Et chaque « scribe » a ses manies !

Et voilà la « traduction » ligne par ligne du texte ci-dessus (les lettres sont toutes reproduites, les abréviations complétées, accents et ponctuation ajoutés pour faciliter la compréhension).

Le vendredy troisiesme jour du moys de Janvier

mil six cens troys avant midy devant nous …
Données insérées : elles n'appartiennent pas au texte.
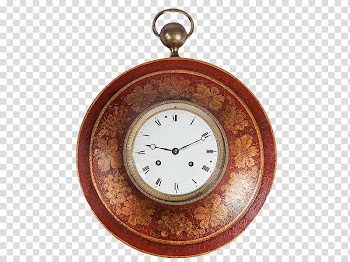 , round brown and red floral framed analog clock transparent background PNG clipart
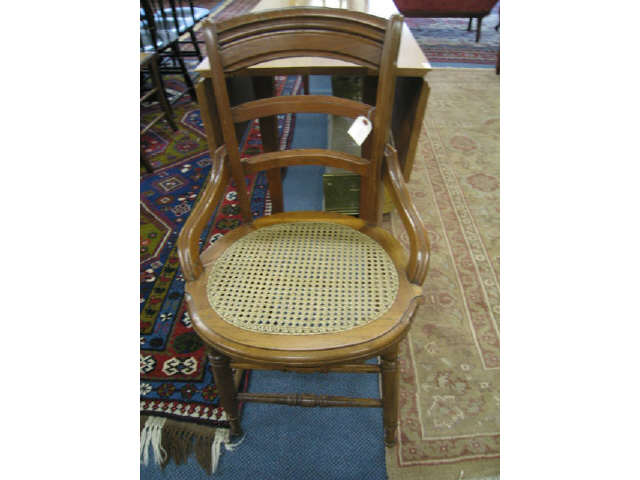 Appraisal: Victorian Cane Seat Side Chair carved ladder back style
Daulmoy et Loup Horry notaires tabellions royaulx

gardenottes hereditaires au bailliage Siège présidial

et prevosté d’Aucerre soulzsignez s’est adressé

vénérable et discrette personne messire Edme

Brothé prestre curé de Monteluot, lequel

nous a dict qu’il est travaillé et poursuivi à la

requeste des lieutenant et maistres chirurgiens

et barbiers de ceste ville d’Aucerre pour raison

de quelques cures qu’il a faictes tant en ceste ville

que autres lieux, de plusieurs dislocations,

fractures dos et menbres, jalissements ( ?) de nerfs

et autres infirmitez dont plusieurs personnes

estoient atteinctes et détenuz malades, et

parce que ce qu’il en a faict a esté à grandes

instances, prières et suplications sans aucun

lucre ny proffit, mais par charité et

amour crestienne envers les pauvres malades…

Plusieurs observations :

  • les « i » sont souvent remplacés par « y » : « vendredy », « moys », « troys », « midy »,…
  • les « s » finaux » sont souvent remplacés par « z » : « soulzsignez », « infirmitez », « detenuz »,
  • on n’écrit pas « dit » , « fait », « atteint », mais « dict » , « faict », « atteinct »…
  • on écrit « ung » pour « un »…
  • L’accent circonflexe n’est pas encore utilisé, il remplacera plus tard le groupe « st » : exemples => « prevoste », « prestre », « maistre », « esté »,…
  • On écrit à l’imparfait « estoit » ou « estoyt » pour « était » ; « pouroyt » pour « pourait »…
  • La forme négative actuelle « ne..pas » se réduit à « ne ».